◆ **What to work on**: For the entries below, repeat exactly each line starting with the one that contains "Kobe Bryant yaşamını yitirdi" and going on through the one that contains "New Jersey 2020", and no others.

◆ **Data entries**:
==========

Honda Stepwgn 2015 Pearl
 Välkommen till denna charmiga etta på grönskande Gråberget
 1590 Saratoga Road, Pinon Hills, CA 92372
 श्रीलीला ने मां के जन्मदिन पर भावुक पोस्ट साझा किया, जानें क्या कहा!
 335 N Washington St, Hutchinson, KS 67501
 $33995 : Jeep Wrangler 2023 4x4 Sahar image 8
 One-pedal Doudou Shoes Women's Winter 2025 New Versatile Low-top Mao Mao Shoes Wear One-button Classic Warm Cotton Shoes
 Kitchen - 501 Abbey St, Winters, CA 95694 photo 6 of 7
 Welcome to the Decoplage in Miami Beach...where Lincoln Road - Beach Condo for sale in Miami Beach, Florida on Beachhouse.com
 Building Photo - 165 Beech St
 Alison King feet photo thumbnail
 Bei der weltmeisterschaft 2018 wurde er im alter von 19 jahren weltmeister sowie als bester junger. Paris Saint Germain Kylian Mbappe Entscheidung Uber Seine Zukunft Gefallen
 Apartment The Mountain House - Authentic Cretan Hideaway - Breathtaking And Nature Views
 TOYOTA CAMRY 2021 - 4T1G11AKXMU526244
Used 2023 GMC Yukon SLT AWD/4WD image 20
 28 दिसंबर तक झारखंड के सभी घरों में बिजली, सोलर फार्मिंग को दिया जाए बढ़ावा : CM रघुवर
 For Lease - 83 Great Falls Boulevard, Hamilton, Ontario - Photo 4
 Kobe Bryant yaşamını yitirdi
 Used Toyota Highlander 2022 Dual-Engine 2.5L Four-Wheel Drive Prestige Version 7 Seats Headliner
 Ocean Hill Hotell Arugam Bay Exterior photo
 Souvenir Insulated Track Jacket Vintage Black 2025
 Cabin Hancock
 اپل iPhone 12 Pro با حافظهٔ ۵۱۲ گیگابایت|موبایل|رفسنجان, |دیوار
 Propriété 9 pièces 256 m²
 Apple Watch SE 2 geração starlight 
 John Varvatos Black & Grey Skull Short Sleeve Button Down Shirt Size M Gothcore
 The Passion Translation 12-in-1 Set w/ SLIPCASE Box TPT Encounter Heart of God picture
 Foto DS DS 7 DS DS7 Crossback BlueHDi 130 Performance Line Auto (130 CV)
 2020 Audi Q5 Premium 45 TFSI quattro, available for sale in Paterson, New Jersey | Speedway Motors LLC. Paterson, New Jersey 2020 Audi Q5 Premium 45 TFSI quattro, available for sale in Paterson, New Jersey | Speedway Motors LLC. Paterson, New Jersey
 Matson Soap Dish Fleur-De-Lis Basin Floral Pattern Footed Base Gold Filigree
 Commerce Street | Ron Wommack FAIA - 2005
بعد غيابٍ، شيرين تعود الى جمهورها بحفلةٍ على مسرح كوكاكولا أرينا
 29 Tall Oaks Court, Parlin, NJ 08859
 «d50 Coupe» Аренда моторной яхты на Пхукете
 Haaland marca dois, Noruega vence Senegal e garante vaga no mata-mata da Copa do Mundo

==========

◆ **Task answer**:
 Kobe Bryant yaşamını yitirdi
 Used Toyota Highlander 2022 Dual-Engine 2.5L Four-Wheel Drive Prestige Version 7 Seats Headliner
 Ocean Hill Hotell Arugam Bay Exterior photo
 Souvenir Insulated Track Jacket Vintage Black 2025
 Cabin Hancock
 اپل iPhone 12 Pro با حافظهٔ ۵۱۲ گیگابایت|موبایل|رفسنجان, |دیوار
 Propriété 9 pièces 256 m²
 Apple Watch SE 2 geração starlight 
 John Varvatos Black & Grey Skull Short Sleeve Button Down Shirt Size M Gothcore
 The Passion Translation 12-in-1 Set w/ SLIPCASE Box TPT Encounter Heart of God picture
 Foto DS DS 7 DS DS7 Crossback BlueHDi 130 Performance Line Auto (130 CV)
 2020 Audi Q5 Premium 45 TFSI quattro, available for sale in Paterson, New Jersey | Speedway Motors LLC. Paterson, New Jersey 2020 Audi Q5 Premium 45 TFSI quattro, available for sale in Paterson, New Jersey | Speedway Motors LLC. Paterson, New Jersey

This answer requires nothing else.